Umbrella fight scene in the tea house: Wong Fei Hung is rather nattily decked out in a straw boater and what looks like John Lennon type granny specs (3). With the aid of a well aimed and deftly swung umbrella he combats a gang and captures a stand-over merchant. This fight scene has some nice witty choreography, especially in the way the umbrella is deployed. Logan points out that the umbrella is a symbol of righteousness in Buddhist iconography. He also points out that in the old Wong Fei Hung films there was always a fight set in a tea house – Tsui Hark is referencing classic films again. Wong Fei Hung, who is a walking, talking and fighting manifestation of righteousness uses the umbrella in a fight again in OUTIC 2 when he takes on the sinister White Lotus cult. If you don’t know about the symbolism of umbrellas or iconic Kwan Tak Hing films then you can just enjoy a clever piece of choreography centred around the inventive use of a prop and furnishings and architecture of a tea house (and that’s fine). However, knowing about these references deepened my appreciation of what the character of Wong Fei Hung stands for, and also the wit and craft of Tsui Hark and his creative team. Kung fu movies are such rich films, and I am fascinated by how their choreography can often incorporate layers of meaning.

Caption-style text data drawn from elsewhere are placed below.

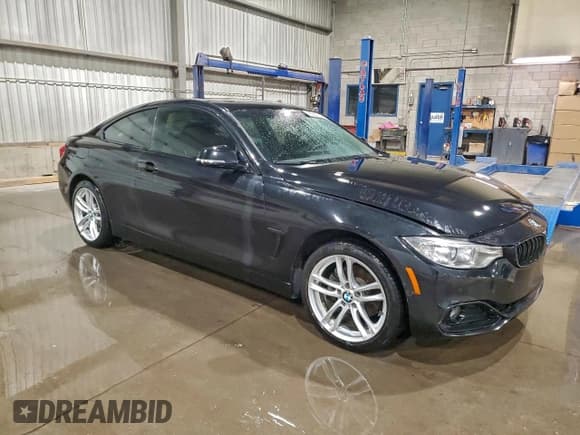 ✅ 2017 BMW 4 Series 430i xDrive • VIN: WBA4R9C30HK878722 • Lot: 95476075. Wystawiony na Copart z przebiegiem 120 939 mil. Bezpłatny archiwum sprzedaży aukcyjnych z USA i szczegółowy raport historii pojazdu na DreamBid. Zdjęcie 4.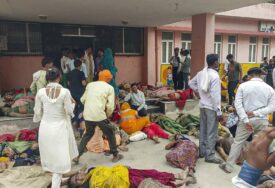 Najmanje 87 ljudi poginulo u stampedu na hinduističkom vjerskom skupu u Indiji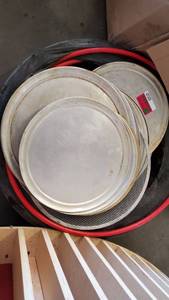 lot 3533 image: Pizza Pans - Various Sizes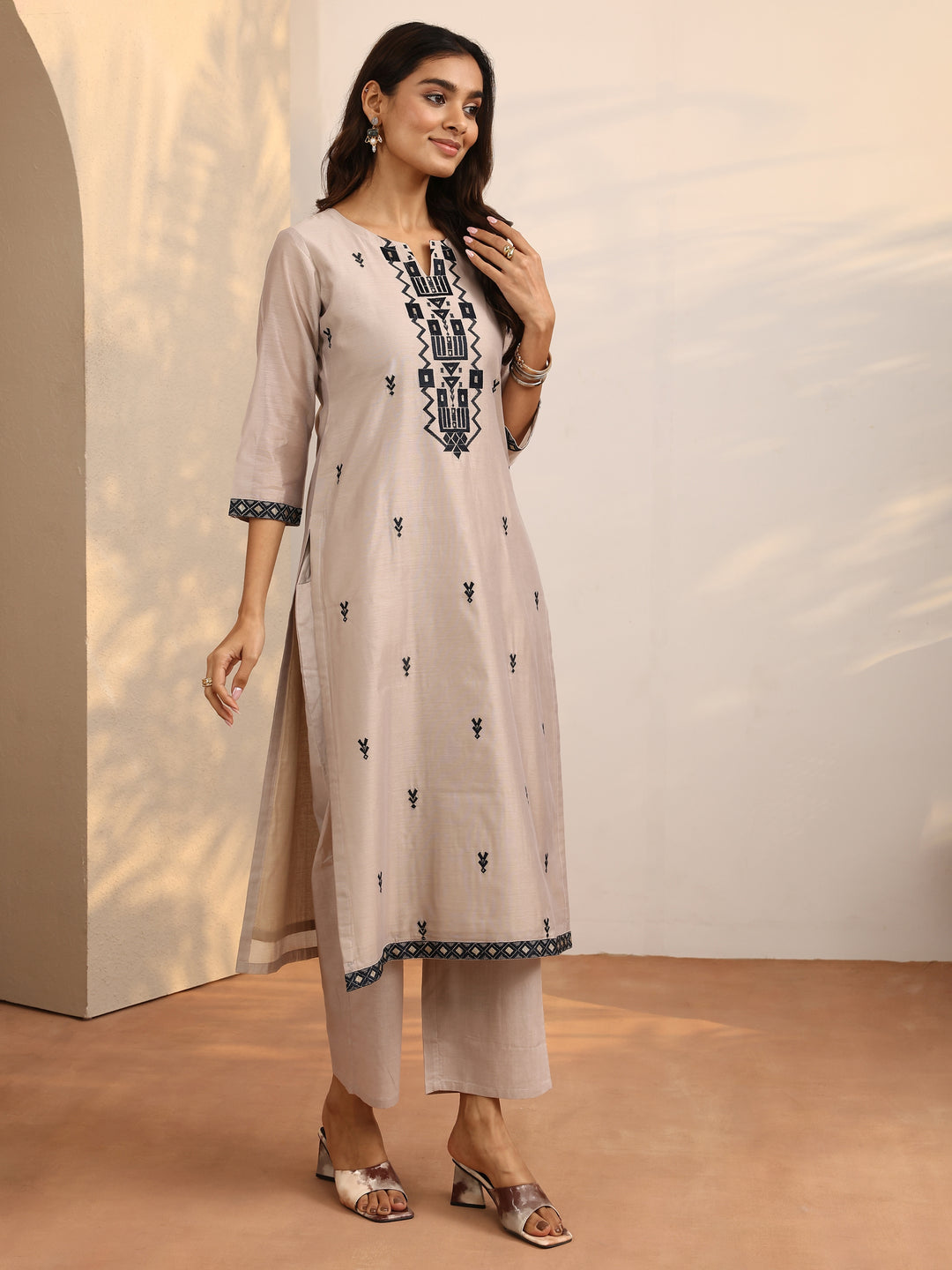  Beige Embroidered Silk Blend Straight Suit Set With Dupatta 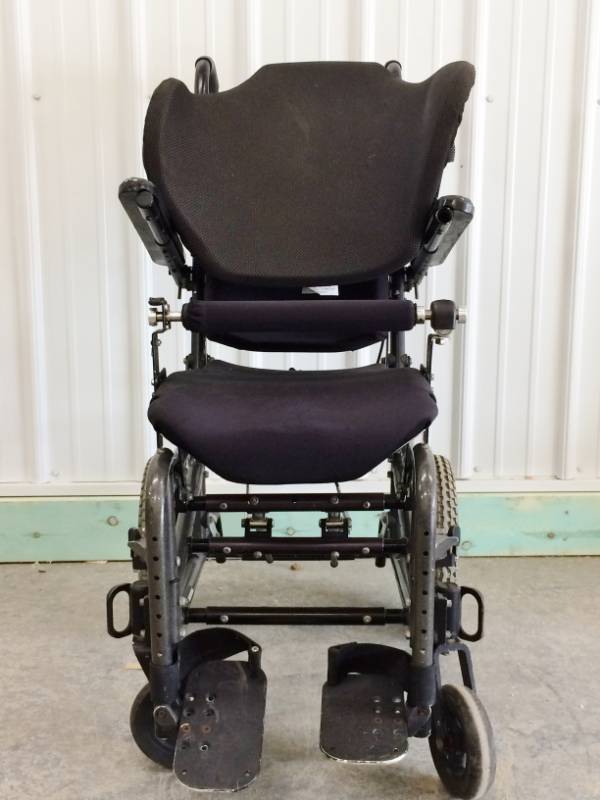 lot 6 image: Zippie Quickie Tilt in Space Wheelchair - Nice Condition But Needs New Arm Rests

According to Logan’s commentary Lau Kar Wing choreographed this scene. During its filming Jet Li broke his ankle and filming was suspended for a while. When filming resumed Yuen Wu Ping took over more of the choreography workload. Logan points out that stylistically the choreography takes a different direction for the rest of the film, and I am inclined to agree. Logan uses the word “grounded” to describe the choreography in this scene, and the choreography from this point onwards makes more extensive use of wires (a hall mark of Yuen’s style). Although I am ambivalent about the use of wire-fu, I still love Yuen Wu Ping’s choreography very much. Although the choreography in the film up to this point has been entertaining, dynamic and often witty to watch, and most appropriate dramaturgically to the scenes it is used in, for me the choreography in the film from this point onwards is invested with extra grace, theatricality and emotiveness, and these qualities appeal to my personal taste.
In the next blog I have a stab at analysing some of the choreography in the fight scene at the Chinese Opera venue.

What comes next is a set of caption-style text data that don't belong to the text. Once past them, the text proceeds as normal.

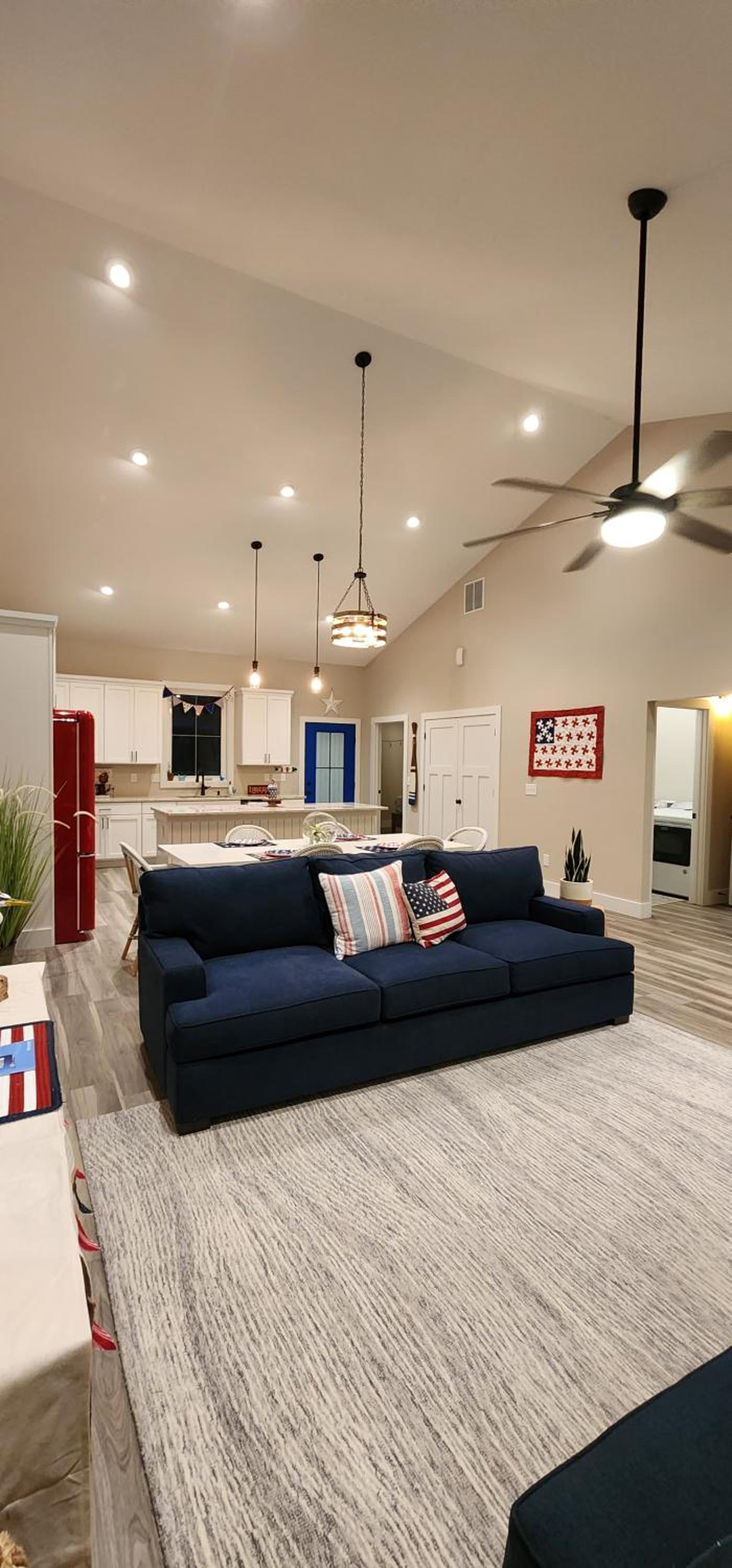 Patriotic Family Creek House, Private River Dock Ark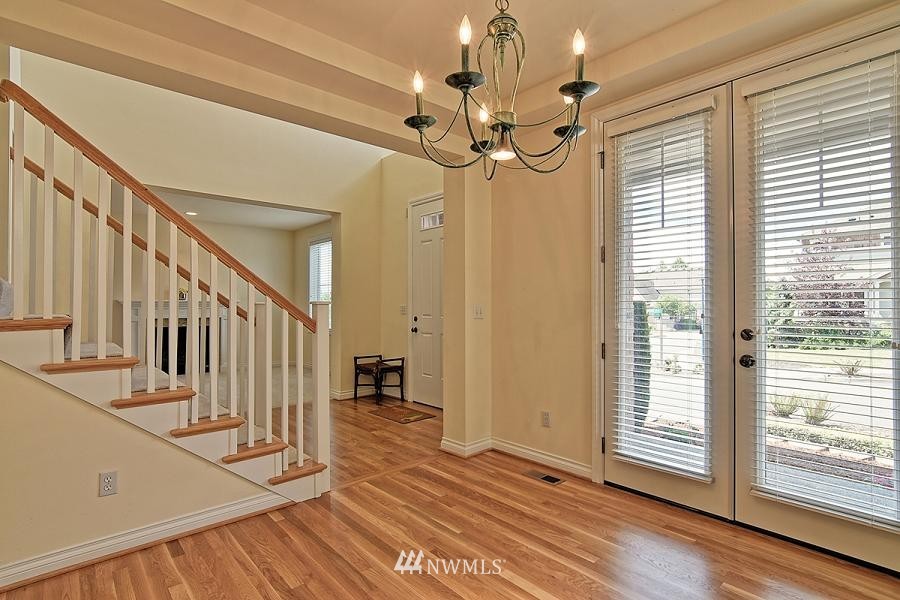 17078 Parkside Way Southeast Renton, WA 98058 - Photo 3 of 24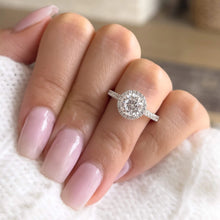 Elegant 925 Sterling Silver Halo 1.5ct Round Cut Wedding Ring Set
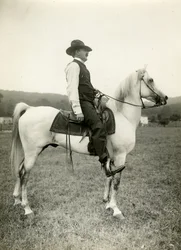 Homer Davenport sur son cheval arabe, c.1905-12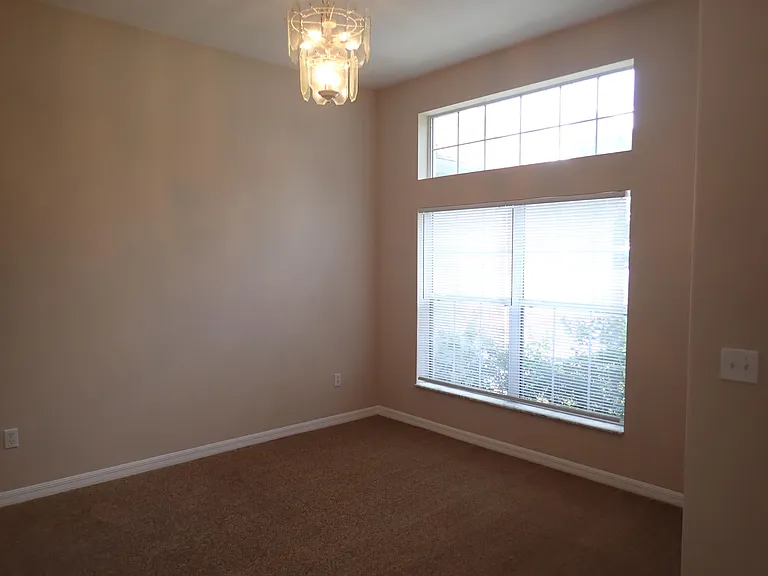 132 Berkshire Ln — Photo 4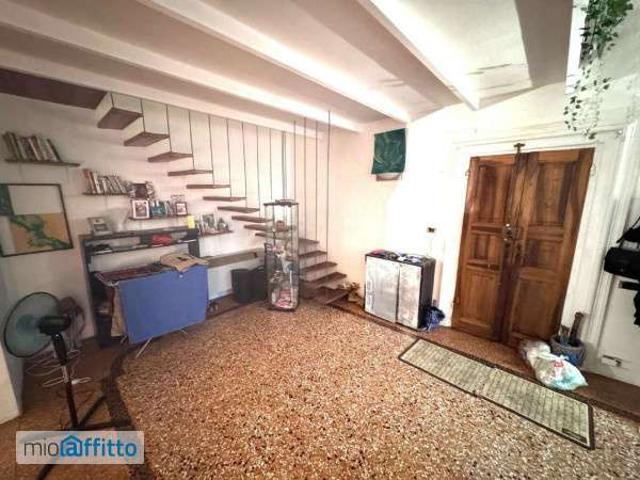 Appartamento in affitto a Santo Stefano, Bologna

FOOTNOTE 1 – “The most prominent and important feature of the Chinese theatre is the protruding stage, open at the sides as well as in the front and surrounded on 3 sides by the audience. All Chinese theatres have such a stage. However, there are 2 standard types of theatre building: the tea house theatre and the temple theatre.” p. 19, The Chinese Conception of Theatre by Tao-Ching Hsu
*In film the camera can give us many view points of a performance, unlike the audience’s viewpoint in a proscenium arch theatre traditionally used in the west? Is this why Hong Kong choreographers so adept at developing filmable choreography? They are used to thinking of staging action from many different view points rather than just the front on?
FOOTNOTE 2 – this song is ‘Under the General’s Orders’ which I have seen variously described as a traditional folk melody and a tune from Cantonese Opera. It’s probably both. It has been associated with the character of Wong Fei Hung since the early black and white Kwan Tak Hing movies.
FOOTNOTE 3 – He wears these things in other movies in the OUTIC franchise. Was there a trend for Chinese men to wear these accessories at the time the movies are set?